RECORD EXCERPTS:
_ _ _ _ _

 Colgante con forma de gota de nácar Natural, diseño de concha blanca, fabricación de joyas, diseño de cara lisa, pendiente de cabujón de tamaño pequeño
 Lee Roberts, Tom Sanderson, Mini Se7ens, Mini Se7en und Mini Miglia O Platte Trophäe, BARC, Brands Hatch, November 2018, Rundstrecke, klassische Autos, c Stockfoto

_ _ _ _ _

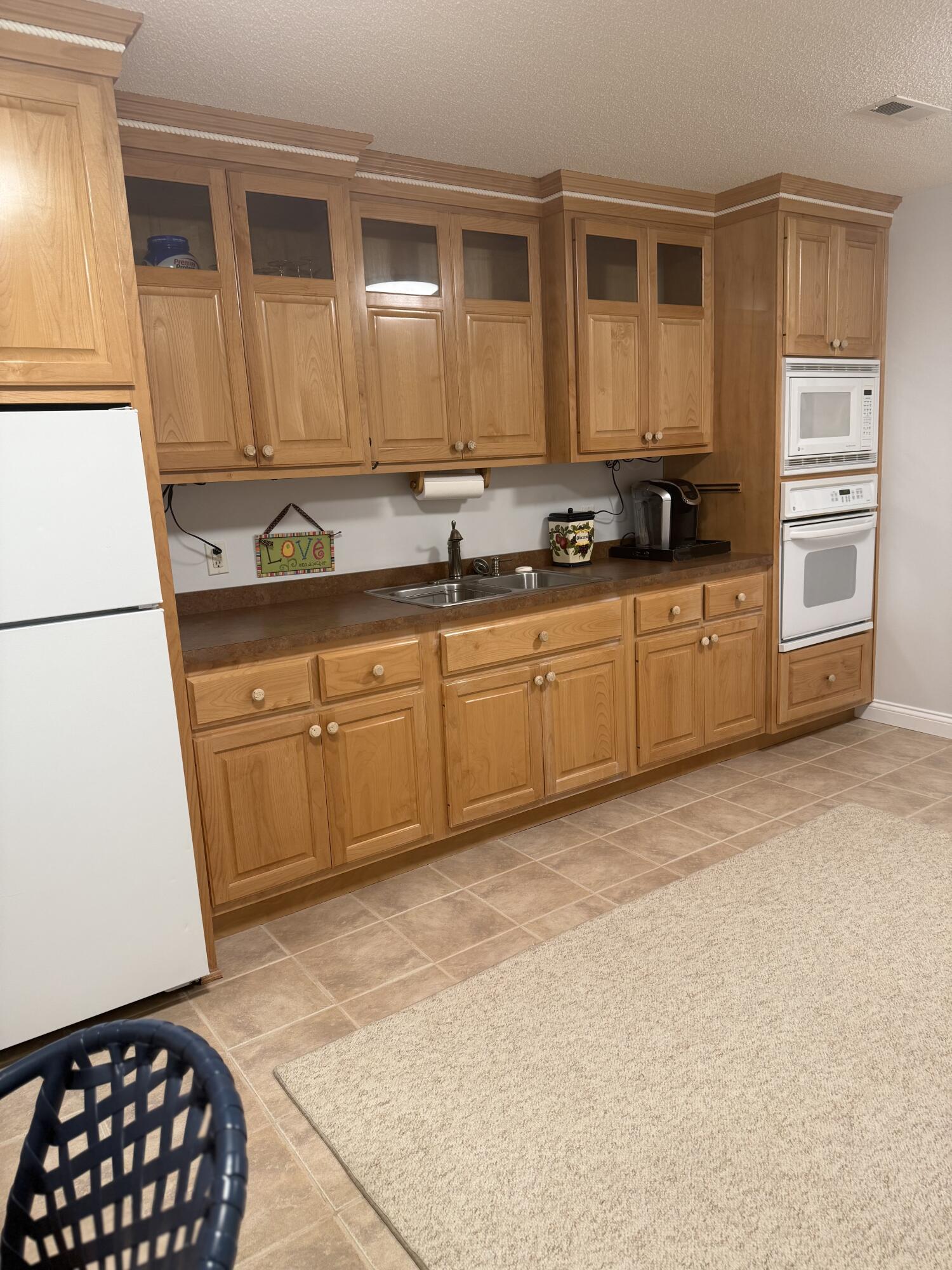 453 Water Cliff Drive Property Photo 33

_ _ _ _ _

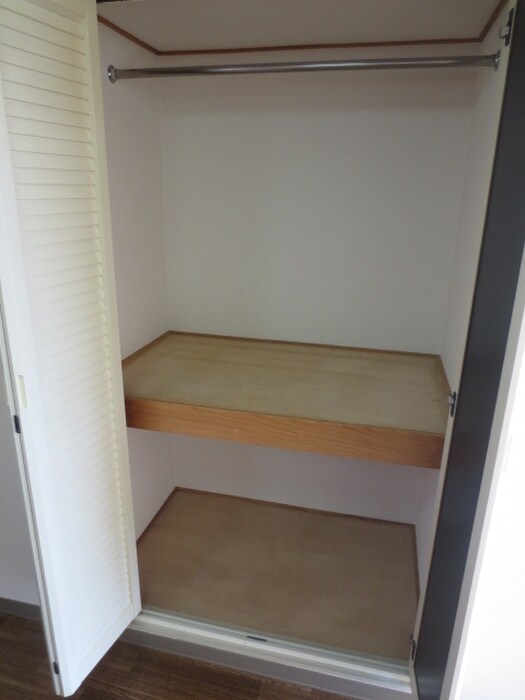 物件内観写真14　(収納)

_ _ _ _ _

INSTRUCTIONS TO FOLLOW: What you give back should be exactly the lines of the data above from the line with "Colgante con forma" through the line with "Lee Roberts, Tom", both of those included, and nothing more.

EXERCISE RESPONSE:
 Colgante con forma de gota de nácar Natural, diseño de concha blanca, fabricación de joyas, diseño de cara lisa, pendiente de cabujón de tamaño pequeño
 Lee Roberts, Tom Sanderson, Mini Se7ens, Mini Se7en und Mini Miglia O Platte Trophäe, BARC, Brands Hatch, November 2018, Rundstrecke, klassische Autos, c Stockfoto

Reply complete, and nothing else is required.